Bermuda’s Eastern Bluebird is featured in the latest series of four stamps, released today by the Philatelic Bureau of the Bermuda Post Office.

The stamps are available in values of 35 cents, 85cents, $1.10 and $1.25.

The 35 cent stamp shows a male bluebird — identified by its bright blue upper parts and rusty red breast — perching on a Bermuda cedar (Juniperus bermudiana) branch.

The 85 cent stamp is represented by a female bluebird lying in its nest of dried grasses inside a nesting box and the $1.10 stamp shows a male, probably encouraging a female to build a nest in the box.

The $1.25 stamp displays the differences between the male and female bluebird. The female on top of the box is much duller in colour. In contrast, the male is more vibrantly blue. The stamp shows the male indulging in display behaviour to entice the female into using the box.
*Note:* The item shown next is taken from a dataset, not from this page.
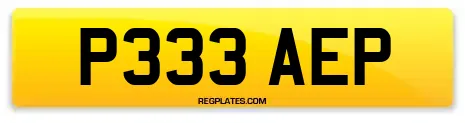 P333 AEP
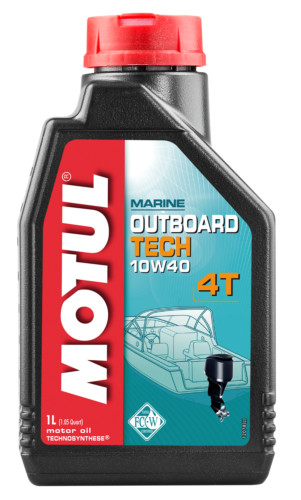 Motul marine outboard - (suzuki),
This year marks the 60th anniversary of the Bermuda Audubon Society, which was founded in part to save Bermuda’s population of bluebirds.

The Eastern Bluebird (Sialia sialis) is called “Eastern” because its habitat in North America is east of the Rockies. Bermuda has the distinction of being its only breeding location outside North America.

The bluebird is seven inches long. It feeds on earthworms, cut worms and caterpillars and also berries. Once it nested in cedar trees but now it almost always relies on nesting boxes for breeding.

The female is solely responsible for building the nest and for incubating the eggs. It lays four or five pale blue eggs between March and August. They take 13 to 15 days to hatch.

Every year the Audubon Society holds a workshop on building bluebird boxes to the correct specifications. The boxes are usually made with spruce or pine shelving. The entrance hole is one and a half inches wide, effectively keeping out starlings.

It’s unclear when the species first arrived but it had definitely settled on the Island by 1829 and is now one of Bermuda’s best loved native breeding birds. Seventy years ago bluebirds mostly nested in cedar tree cavities. The house sparrow (passer domesticus), introduced in the early 1870s, and the European starling (Sturnus vulgaris), colonising in the 1950s, gave the bluebirds heavy competition for nesting sites while the great kiskadee (Pitangus sulphuratus), was deliberately introduced in 1957 to control the lizards, included baby bluebirds in its diet.

The bluebirds’ plight was made particularly bleak when during the 1940s and 1950s a scale insect decimated the majority of Bermuda cedars.

In 1954 the Audubon Society came to the rescue by introducing a nesting box scheme. Since then hundreds of nest boxes have been erected on Bermuda’s golf courses and in parks and gardens, thus halting the Eastern Bluebirds’ decline in population.

The next stamp issue scheduled for release will be Bermuda in Bloom Part One — a new definitive series and the proposed release date is July 17, 2014.